Все это время Колберн по-прежнему жил в Новобостонской гостинице и продолжал ежедневно встречаться с доктором, миссис Картер и Рэвви. Когда они, в самый разгар июльской жары, уехали на неделю на взморье, а Колберн из-за занятости делами не смог им сопутствовать, он сильно скучал, хотя у него в Новом Бостоне были сотни знакомых. Добавочным огорчением было и то, что Уайтвуд поехал сопровождать Равенелов. Когда они возвратились домой в сопровождении все того же владельца восьмидесяти тысяч долларов, Колберн весьма испытующе поглядел в глаза миссис Картер, как бы желая узнать, не случилось ли с ней на курорте чего-либо очень важного. Заметив его взгляд, она залилась яркой краской, и это пуще того обеспокоило Колберна и дало ему новую пищу для длительных размышлений. «Если они помолвлены, то, конечно, сказали бы мне», — подумал он про себя, но уже не смог успокоиться.

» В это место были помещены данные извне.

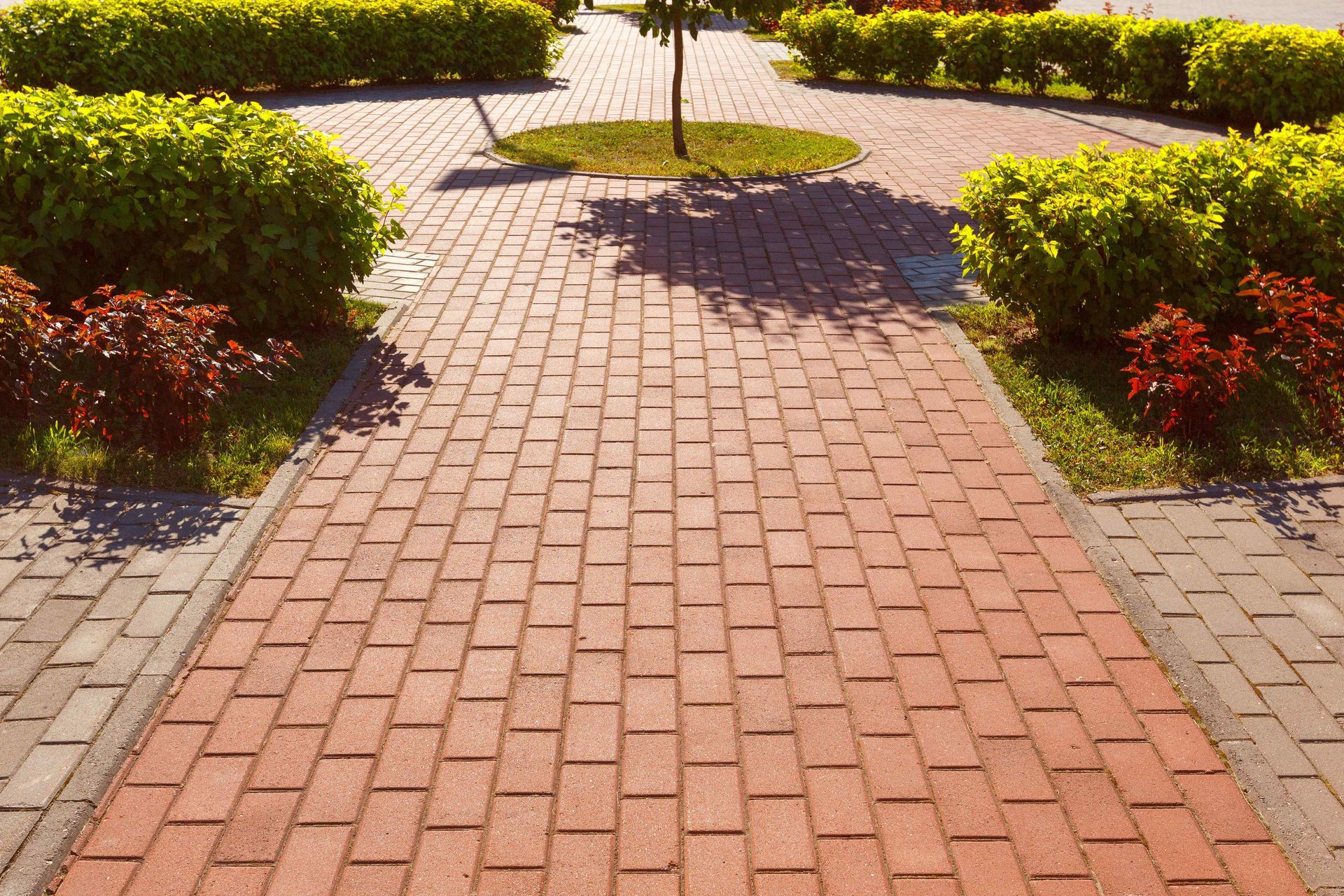 DirtGlueDry™ powdered polymer is engineered to be mixed with sand to eliminate washouts and erosion between pavers, bricks, patio blocks, and flagstones in walkways, driveways, and patios. Here you see one of those brick walkways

Вечером на другой день Колберн вышел из душной комнаты в одну из малых гостиных отеля и хотел заглянуть на балкон, полюбоваться при свете луны на сплетшиеся раскидистыми ветвями могучие новобостонские вязы, но, подходя, услыхал приглушенные голоса — мужчины и женщины. Пока он стоял в нерешительности, с балкона в гостиную поспешно прошел молодой Уайтвуд, и следом за ним миссис Картер.
— Я прошу вас, мистер Уайтвуд, никому об этом ни слова, — тихо сказала она. — Полагаюсь на вас. Я тоже буду молчать.
— Разумеется, я никому не скажу, — ответил молодой человек.
Он молвил это так тихо, что Колберн не смог распознать, печален он был или радостен.
Войдя с залитого лунным светом балкона в гостиную, где лампы были погашены, чтобы не привлекать мошкару, они не приметили невольного свидетеля их разговора. Уайтвуд откланялся и ушел, а миссис Картер вернулась назад, на балкон. Чтобы не возбуждать излишнего любопытства читателя, я сразу скажу, что случилось. Мистер Уайтвуд предложил миссис Картер руку и сердце, получил от нее отказ, и Лили просила его хранить об этом молчание, потому что… она и сама не могла бы точно сказать — почему, но ей так хотелось.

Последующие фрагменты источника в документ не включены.